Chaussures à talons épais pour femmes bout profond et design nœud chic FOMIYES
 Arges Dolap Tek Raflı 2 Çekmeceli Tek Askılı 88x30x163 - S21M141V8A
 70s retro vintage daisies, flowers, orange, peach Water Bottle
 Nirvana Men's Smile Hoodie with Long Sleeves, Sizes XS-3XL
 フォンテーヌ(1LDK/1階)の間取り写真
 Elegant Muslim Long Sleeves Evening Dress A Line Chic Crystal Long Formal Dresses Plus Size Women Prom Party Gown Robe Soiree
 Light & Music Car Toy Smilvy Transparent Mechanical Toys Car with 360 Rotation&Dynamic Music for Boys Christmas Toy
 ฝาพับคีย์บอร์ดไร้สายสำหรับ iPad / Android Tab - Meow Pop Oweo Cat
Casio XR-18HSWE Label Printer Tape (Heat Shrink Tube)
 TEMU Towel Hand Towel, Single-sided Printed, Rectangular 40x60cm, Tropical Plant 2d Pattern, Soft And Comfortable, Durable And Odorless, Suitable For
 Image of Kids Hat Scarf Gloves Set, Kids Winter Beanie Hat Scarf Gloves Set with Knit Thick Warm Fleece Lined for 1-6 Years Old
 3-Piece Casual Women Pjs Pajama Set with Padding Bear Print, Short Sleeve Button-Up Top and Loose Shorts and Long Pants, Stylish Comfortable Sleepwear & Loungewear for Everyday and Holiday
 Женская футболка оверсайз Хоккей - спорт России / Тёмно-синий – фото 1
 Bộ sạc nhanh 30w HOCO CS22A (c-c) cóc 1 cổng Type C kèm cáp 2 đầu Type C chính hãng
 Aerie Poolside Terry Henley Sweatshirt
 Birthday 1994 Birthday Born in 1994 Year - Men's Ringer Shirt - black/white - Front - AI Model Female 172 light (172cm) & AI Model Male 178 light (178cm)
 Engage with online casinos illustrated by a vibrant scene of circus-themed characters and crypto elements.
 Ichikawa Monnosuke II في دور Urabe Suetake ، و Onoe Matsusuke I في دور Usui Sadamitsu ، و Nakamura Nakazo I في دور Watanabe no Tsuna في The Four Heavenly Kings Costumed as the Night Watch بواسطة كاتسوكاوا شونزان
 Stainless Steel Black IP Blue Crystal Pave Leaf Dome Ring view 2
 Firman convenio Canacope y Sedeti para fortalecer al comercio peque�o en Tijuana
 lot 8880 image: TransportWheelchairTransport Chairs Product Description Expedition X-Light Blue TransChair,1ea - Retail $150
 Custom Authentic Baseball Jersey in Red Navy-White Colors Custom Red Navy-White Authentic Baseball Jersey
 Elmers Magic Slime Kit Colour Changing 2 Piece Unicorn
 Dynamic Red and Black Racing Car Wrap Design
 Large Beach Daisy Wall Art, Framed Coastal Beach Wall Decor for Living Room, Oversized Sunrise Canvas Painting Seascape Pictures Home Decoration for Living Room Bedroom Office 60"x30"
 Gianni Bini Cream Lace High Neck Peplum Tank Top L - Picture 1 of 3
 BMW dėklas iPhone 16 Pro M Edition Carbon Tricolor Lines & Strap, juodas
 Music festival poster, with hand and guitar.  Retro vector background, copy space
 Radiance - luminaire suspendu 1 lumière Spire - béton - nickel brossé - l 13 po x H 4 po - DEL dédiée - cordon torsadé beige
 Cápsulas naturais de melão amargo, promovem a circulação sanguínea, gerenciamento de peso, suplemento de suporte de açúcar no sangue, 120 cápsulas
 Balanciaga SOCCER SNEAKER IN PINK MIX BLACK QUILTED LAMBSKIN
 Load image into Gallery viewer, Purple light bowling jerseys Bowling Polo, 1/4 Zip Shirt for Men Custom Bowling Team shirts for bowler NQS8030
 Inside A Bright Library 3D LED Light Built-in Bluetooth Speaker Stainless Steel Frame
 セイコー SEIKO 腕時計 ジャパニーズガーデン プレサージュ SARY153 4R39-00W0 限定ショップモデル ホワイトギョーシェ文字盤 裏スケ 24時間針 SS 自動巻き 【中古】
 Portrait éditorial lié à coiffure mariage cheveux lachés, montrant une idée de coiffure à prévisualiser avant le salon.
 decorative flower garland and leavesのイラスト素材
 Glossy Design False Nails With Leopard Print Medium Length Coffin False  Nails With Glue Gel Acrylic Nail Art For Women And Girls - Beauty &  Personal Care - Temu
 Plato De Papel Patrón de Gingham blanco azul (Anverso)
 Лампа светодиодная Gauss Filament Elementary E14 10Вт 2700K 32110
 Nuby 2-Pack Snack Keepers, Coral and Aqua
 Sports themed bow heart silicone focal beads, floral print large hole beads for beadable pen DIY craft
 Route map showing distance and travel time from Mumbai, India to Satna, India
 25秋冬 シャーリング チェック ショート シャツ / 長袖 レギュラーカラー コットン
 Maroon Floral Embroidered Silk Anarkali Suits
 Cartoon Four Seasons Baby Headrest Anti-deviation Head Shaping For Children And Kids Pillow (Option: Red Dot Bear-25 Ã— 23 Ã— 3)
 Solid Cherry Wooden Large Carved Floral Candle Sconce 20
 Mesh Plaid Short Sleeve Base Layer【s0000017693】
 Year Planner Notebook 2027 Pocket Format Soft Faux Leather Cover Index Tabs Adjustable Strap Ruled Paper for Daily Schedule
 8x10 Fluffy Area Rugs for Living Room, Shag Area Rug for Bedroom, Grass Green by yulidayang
══════
WORK ORDER:
Extract every entry above as it appears.

WRITTEN REPLY:
Chaussures à talons épais pour femmes bout profond et design nœud chic FOMIYES
 Arges Dolap Tek Raflı 2 Çekmeceli Tek Askılı 88x30x163 - S21M141V8A
 70s retro vintage daisies, flowers, orange, peach Water Bottle
 Nirvana Men's Smile Hoodie with Long Sleeves, Sizes XS-3XL
 フォンテーヌ(1LDK/1階)の間取り写真
 Elegant Muslim Long Sleeves Evening Dress A Line Chic Crystal Long Formal Dresses Plus Size Women Prom Party Gown Robe Soiree
 Light & Music Car Toy Smilvy Transparent Mechanical Toys Car with 360 Rotation&Dynamic Music for Boys Christmas Toy
 ฝาพับคีย์บอร์ดไร้สายสำหรับ iPad / Android Tab - Meow Pop Oweo Cat
Casio XR-18HSWE Label Printer Tape (Heat Shrink Tube)
 TEMU Towel Hand Towel, Single-sided Printed, Rectangular 40x60cm, Tropical Plant 2d Pattern, Soft And Comfortable, Durable And Odorless, Suitable For
 Image of Kids Hat Scarf Gloves Set, Kids Winter Beanie Hat Scarf Gloves Set with Knit Thick Warm Fleece Lined for 1-6 Years Old
 3-Piece Casual Women Pjs Pajama Set with Padding Bear Print, Short Sleeve Button-Up Top and Loose Shorts and Long Pants, Stylish Comfortable Sleepwear & Loungewear for Everyday and Holiday
 Женская футболка оверсайз Хоккей - спорт России / Тёмно-синий – фото 1
 Bộ sạc nhanh 30w HOCO CS22A (c-c) cóc 1 cổng Type C kèm cáp 2 đầu Type C chính hãng
 Aerie Poolside Terry Henley Sweatshirt
 Birthday 1994 Birthday Born in 1994 Year - Men's Ringer Shirt - black/white - Front - AI Model Female 172 light (172cm) & AI Model Male 178 light (178cm)
 Engage with online casinos illustrated by a vibrant scene of circus-themed characters and crypto elements.
 Ichikawa Monnosuke II في دور Urabe Suetake ، و Onoe Matsusuke I في دور Usui Sadamitsu ، و Nakamura Nakazo I في دور Watanabe no Tsuna في The Four Heavenly Kings Costumed as the Night Watch بواسطة كاتسوكاوا شونزان
 Stainless Steel Black IP Blue Crystal Pave Leaf Dome Ring view 2
 Firman convenio Canacope y Sedeti para fortalecer al comercio peque�o en Tijuana
 lot 8880 image: TransportWheelchairTransport Chairs Product Description Expedition X-Light Blue TransChair,1ea - Retail $150
 Custom Authentic Baseball Jersey in Red Navy-White Colors Custom Red Navy-White Authentic Baseball Jersey
 Elmers Magic Slime Kit Colour Changing 2 Piece Unicorn
 Dynamic Red and Black Racing Car Wrap Design
 Large Beach Daisy Wall Art, Framed Coastal Beach Wall Decor for Living Room, Oversized Sunrise Canvas Painting Seascape Pictures Home Decoration for Living Room Bedroom Office 60"x30"
 Gianni Bini Cream Lace High Neck Peplum Tank Top L - Picture 1 of 3
 BMW dėklas iPhone 16 Pro M Edition Carbon Tricolor Lines & Strap, juodas
 Music festival poster, with hand and guitar.  Retro vector background, copy space
 Radiance - luminaire suspendu 1 lumière Spire - béton - nickel brossé - l 13 po x H 4 po - DEL dédiée - cordon torsadé beige
 Cápsulas naturais de melão amargo, promovem a circulação sanguínea, gerenciamento de peso, suplemento de suporte de açúcar no sangue, 120 cápsulas
 Balanciaga SOCCER SNEAKER IN PINK MIX BLACK QUILTED LAMBSKIN
 Load image into Gallery viewer, Purple light bowling jerseys Bowling Polo, 1/4 Zip Shirt for Men Custom Bowling Team shirts for bowler NQS8030
 Inside A Bright Library 3D LED Light Built-in Bluetooth Speaker Stainless Steel Frame
 セイコー SEIKO 腕時計 ジャパニーズガーデン プレサージュ SARY153 4R39-00W0 限定ショップモデル ホワイトギョーシェ文字盤 裏スケ 24時間針 SS 自動巻き 【中古】
 Portrait éditorial lié à coiffure mariage cheveux lachés, montrant une idée de coiffure à prévisualiser avant le salon.
 decorative flower garland and leavesのイラスト素材
 Glossy Design False Nails With Leopard Print Medium Length Coffin False  Nails With Glue Gel Acrylic Nail Art For Women And Girls - Beauty &  Personal Care - Temu
 Plato De Papel Patrón de Gingham blanco azul (Anverso)
 Лампа светодиодная Gauss Filament Elementary E14 10Вт 2700K 32110
 Nuby 2-Pack Snack Keepers, Coral and Aqua
 Sports themed bow heart silicone focal beads, floral print large hole beads for beadable pen DIY craft
 Route map showing distance and travel time from Mumbai, India to Satna, India
 25秋冬 シャーリング チェック ショート シャツ / 長袖 レギュラーカラー コットン
 Maroon Floral Embroidered Silk Anarkali Suits
 Cartoon Four Seasons Baby Headrest Anti-deviation Head Shaping For Children And Kids Pillow (Option: Red Dot Bear-25 Ã— 23 Ã— 3)
 Solid Cherry Wooden Large Carved Floral Candle Sconce 20
 Mesh Plaid Short Sleeve Base Layer【s0000017693】
 Year Planner Notebook 2027 Pocket Format Soft Faux Leather Cover Index Tabs Adjustable Strap Ruled Paper for Daily Schedule
 8x10 Fluffy Area Rugs for Living Room, Shag Area Rug for Bedroom, Grass Green by yulidayang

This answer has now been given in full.